In this research, scientists explored how aging, environmental stress, and genetic mutations can lead to fertility issues and genetic instability in germ cells. They found that certain substances, called indoles, which are produced by friendly bacteria in the gut and found in some plants, can have a positive effect on reproductive health. Specifically, indoles were shown to prevent genetic abnormalities in germ cells, improve DNA repair, and enhance embryo viability. However, the effectiveness of indoles depended on factors like age and the level of stress on the body. In younger animals or with low levels of stress, indoles helped repair DNA and support healthy embryo development. But in older animals or under high levels of stress, indoles could actually lead to embryo death. These findings reveal a new mechanism by which indoles regulate the quality of germ cells, ensuring genetic integrity across generations. This insight has implications for aging, fertility, cancer, and genetic diversity in both invertebrates and vertebrates.

3.Prophage proteins alter long noncoding RNA and DNA of developing sperm to induce a paternal-effect lethality

DOI: 10.1126/science.adk9469

https://www.science.org/doi/10.1126/science.adk9469

In this study, researchers investigated how proteins encoded by a bacterial prophage (prophage WO of Wolbachia) interact with eukaryotic molecules during Drosophila sperm development, leading to a phenomenon called cytoplasmic incompatibility (CI). They found that two proteins, CifA and CifB, produced by the prophage, alter both long noncoding RNA (lncRNA) and DNA during sperm development. CifA acts as a ribonuclease, depleting a specific lncRNA crucial for sperm development, while both CifA and CifB act as deoxyribonucleases, increasing DNA damage in late sperm development stages. Knocking down lncRNA levels enhances CI, and experiments linking lncRNA depletion to sperm chromatin changes and subsequent DNA damage support this. Overall, the study suggests that prophage proteins interact with eukaryotic molecules during gamete formation, impacting insect evolution and potentially offering insights for vector control strategies.

4.Developmental clock and mechanism of de novo polarization of the mouse embryo

DOI: 10.1126/science.abd2703

https://www.science.org/doi/10.1126/science.abd2703

In this study, researchers aimed to understand the mechanisms behind embryo polarization, a critical process in mouse development. They discovered that the timing of embryo polarization coincides with the activation of the zygotic genome. Additionally, they identified three factors—transcription factors AP-2 gamma (Tfap2c) and TEA domain transcription factor 4 (Tead4), along with activated Ras homolog family member A (RhoA)—that are necessary to trigger embryo polarization. By advancing the expression timing of Tfap2c and Tead4 in the presence of RhoA, they were able to induce early embryo polarization, cell fate specification, and morphogenesis. These factors regulate the expression of genes involved in actin dynamics, which control the recruitment of proteins to the cell membrane, ultimately leading to the formation of the apical domain—the hallmark of embryo polarization. Thus, Tfap2c, Tead4, and RhoA act as key regulators of embryo polarization and cell fate determination in mice.

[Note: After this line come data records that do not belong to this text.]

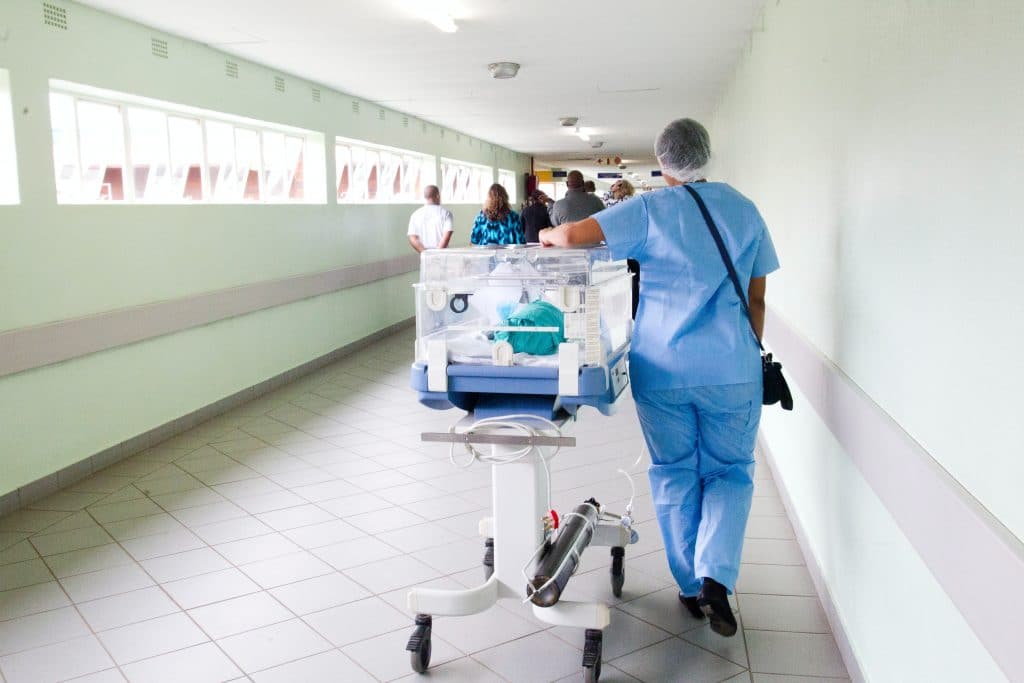 Nurse moving baby's hospital bed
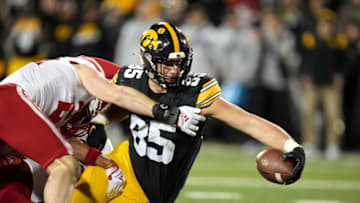 Iowa tight end Luke Lachey reaches the ball into the end zone for a touchdown in the fourth quarter against Nebraska during a NCAA football game on Friday, Nov. 25, 2022, at Kinnick Stadium in Iowa City.Iowavsneb 20221125 Bh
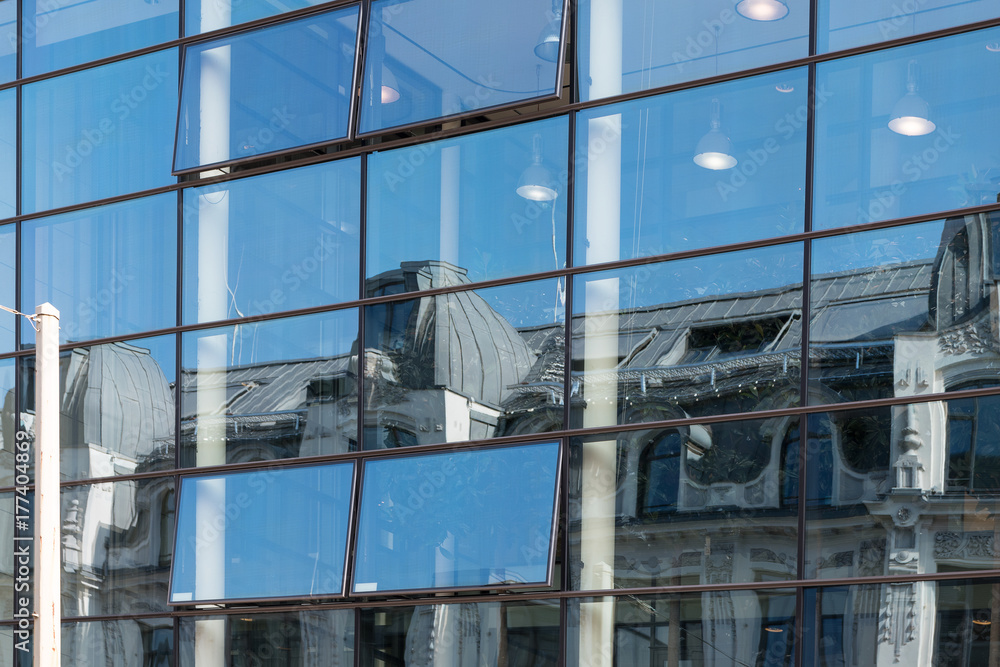 Reflection of an old building in a modern glass facade, contrast of urban architecture, blue sky on a sunny day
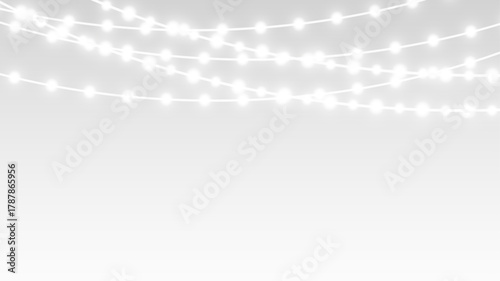 Garland decorated with glowing festive lights ribbons and bulbs for christmas holiday stage.
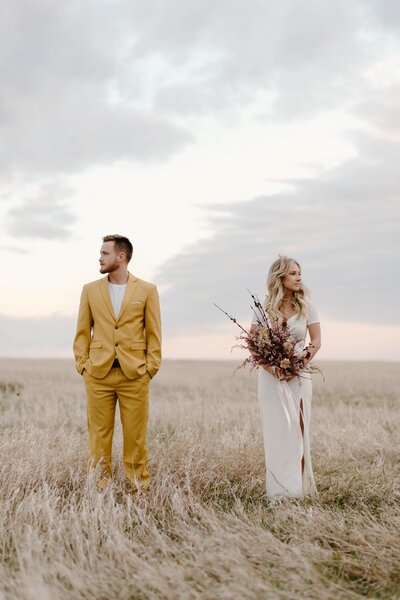 Married Couple standing in grass field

5.An adhesion code ensures robust pattern formation during tissue morphogenesis

DOI: 10.1126/science.aba6637

https://www.science.org/doi/10.1126/science.aba6637

This study investigates how specific cell types organize themselves during animal development, focusing on the zebrafish spinal cord. Despite noisy signaling and large-scale cellular changes, neural progenitors in the zebrafish spinal cord form consistent spatial patterns. By measuring adhesion forces and preferences of different neural progenitor types, the researchers support the "differential adhesion model," suggesting that variations in cell-to-cell adhesion drive cell sorting. They found that different types of neural progenitors express different combinations of adhesion molecules, resulting in preferences for like cells and robust patterning. Additionally, they discovered that the sonic hedgehog morphogen gradient regulates this adhesion code. Overall, the study proposes that the interplay between adhesion-based self-organization and morphogen-directed patterning contributes to the robust spatial organization observed during tissue morphogenesis.